Problem to solve:
In the records below, the relevant part opens with the line containing "Cranford Metal Çarklı Duvar Saati 46 Cm" and closes with the line containing "Boho Romantic Scattered"; print that part exactly and only, without its pictures.

Dataset extract:
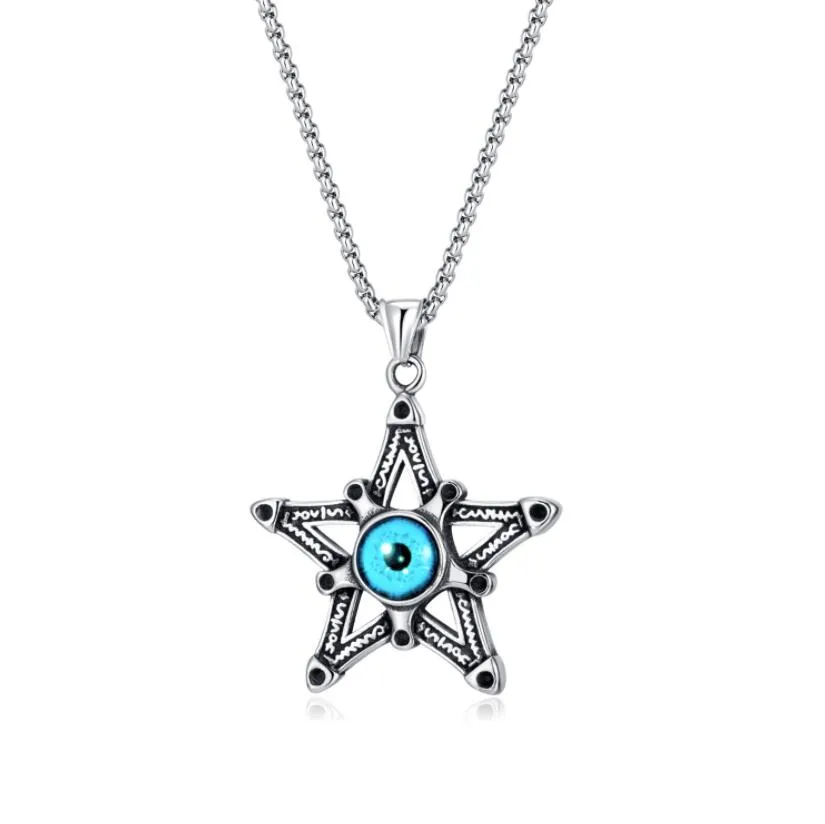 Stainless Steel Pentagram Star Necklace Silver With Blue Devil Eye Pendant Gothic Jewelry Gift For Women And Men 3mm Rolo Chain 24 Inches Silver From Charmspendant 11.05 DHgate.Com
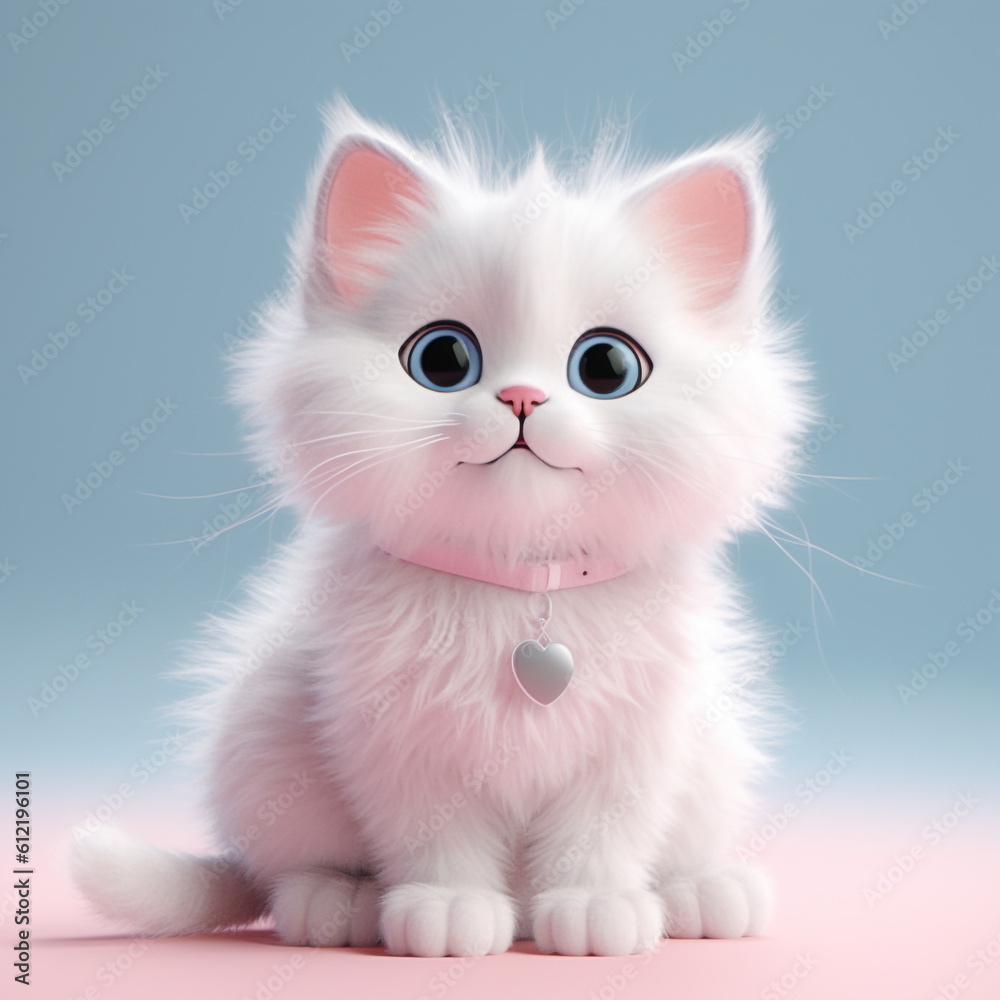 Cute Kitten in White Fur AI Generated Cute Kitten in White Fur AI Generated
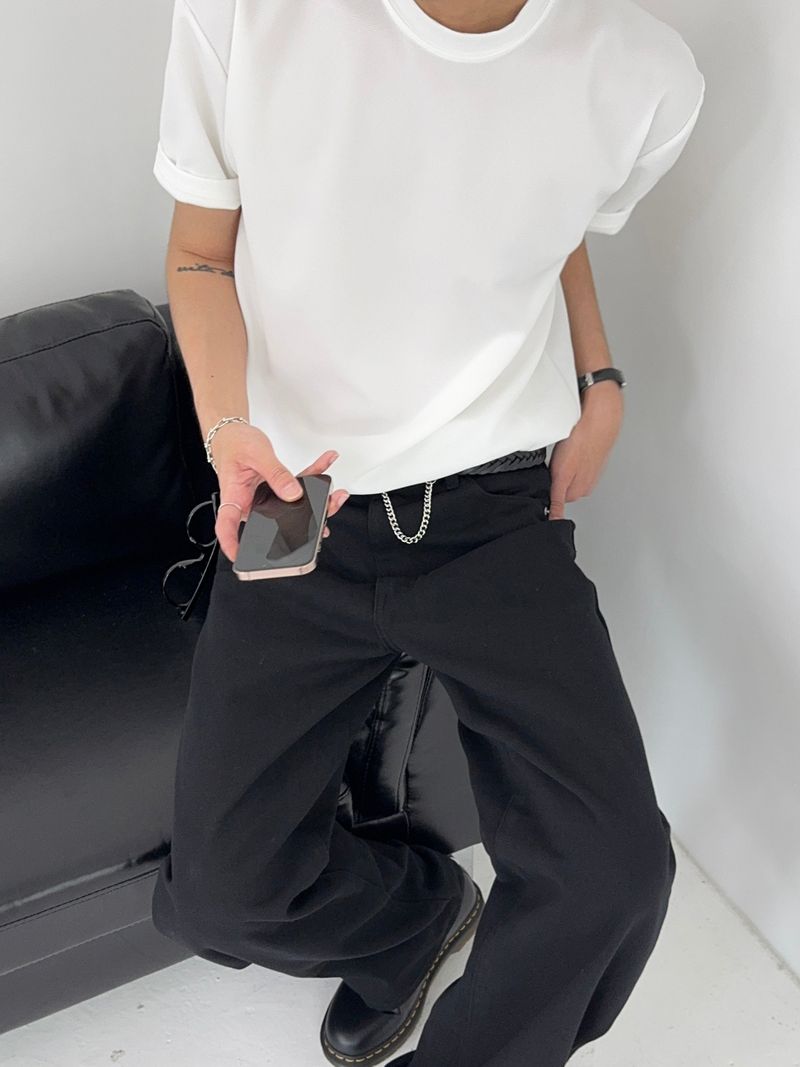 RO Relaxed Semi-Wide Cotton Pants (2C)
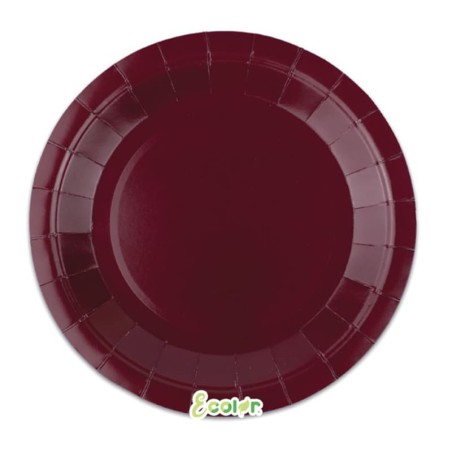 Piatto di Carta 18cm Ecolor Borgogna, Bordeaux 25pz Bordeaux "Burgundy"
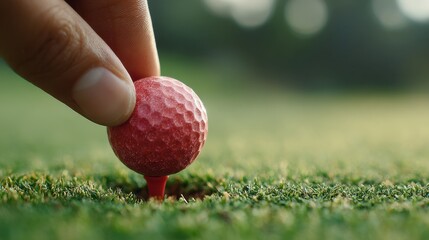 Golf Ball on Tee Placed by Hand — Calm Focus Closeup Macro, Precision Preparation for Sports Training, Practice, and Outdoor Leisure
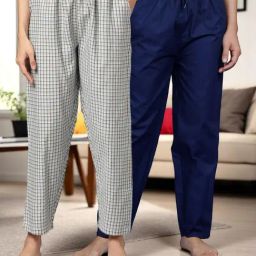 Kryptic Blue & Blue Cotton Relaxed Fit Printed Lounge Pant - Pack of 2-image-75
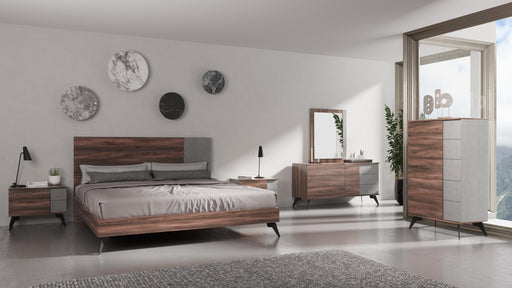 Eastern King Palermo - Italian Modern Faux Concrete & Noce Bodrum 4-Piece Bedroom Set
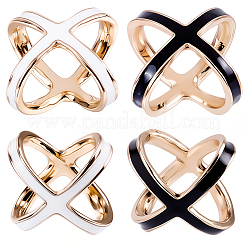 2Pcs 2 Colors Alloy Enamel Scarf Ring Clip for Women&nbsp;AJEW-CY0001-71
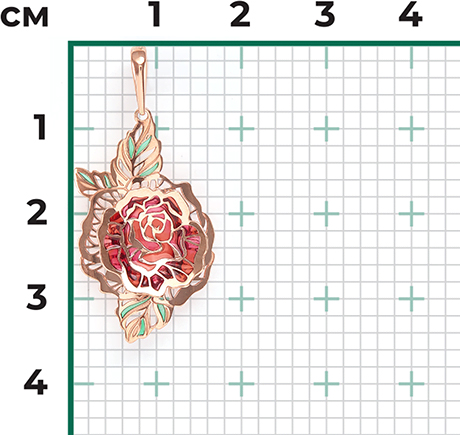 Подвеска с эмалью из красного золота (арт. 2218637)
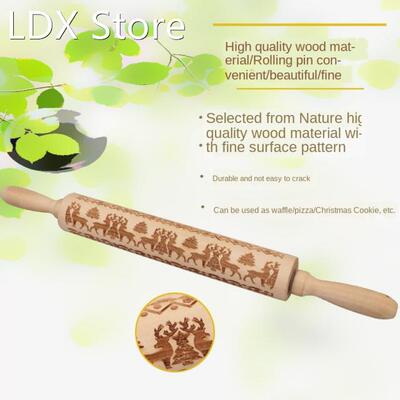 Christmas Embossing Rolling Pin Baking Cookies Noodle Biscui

...

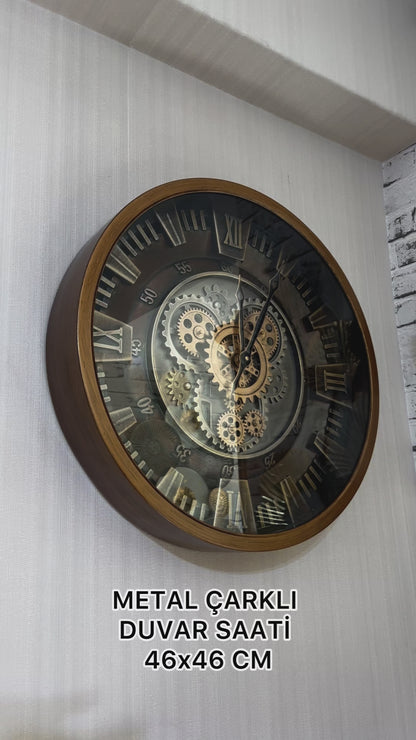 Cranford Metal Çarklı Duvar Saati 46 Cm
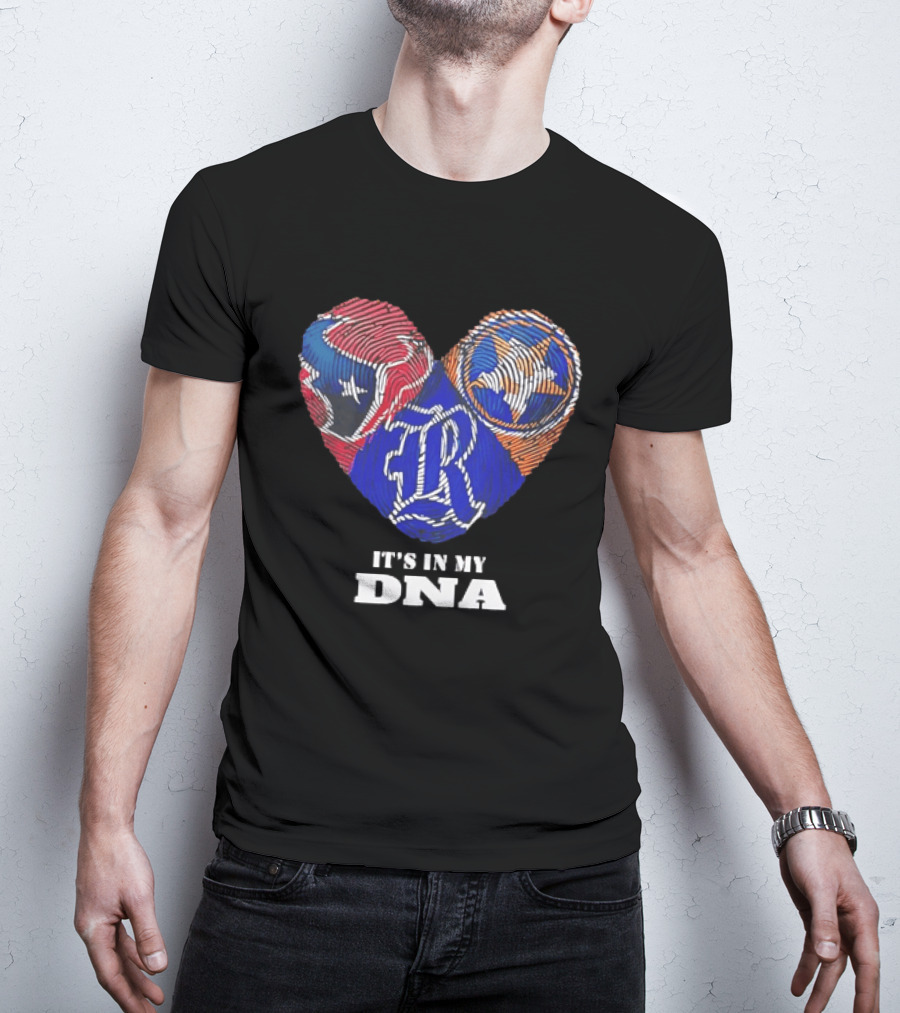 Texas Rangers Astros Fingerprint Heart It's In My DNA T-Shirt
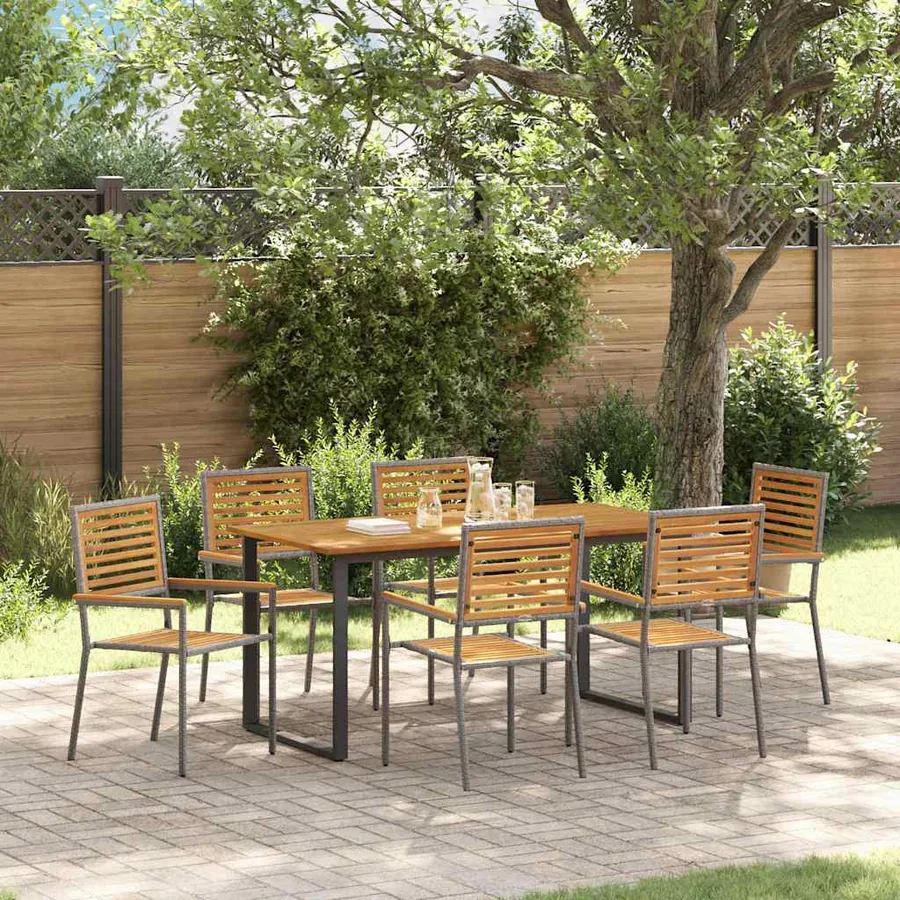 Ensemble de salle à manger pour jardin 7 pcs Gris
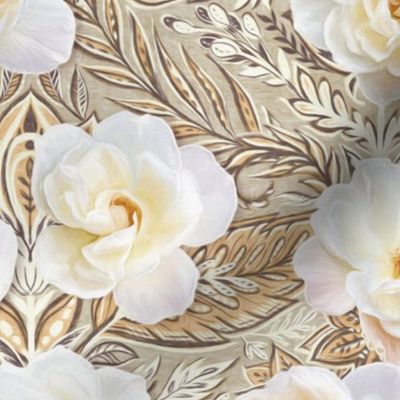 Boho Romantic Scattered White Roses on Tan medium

Answer section:
 Cranford Metal Çarklı Duvar Saati 46 Cm
 Texas Rangers Astros Fingerprint Heart It's In My DNA T-Shirt
 Ensemble de salle à manger pour jardin 7 pcs Gris
 Boho Romantic Scattered White Roses on Tan medium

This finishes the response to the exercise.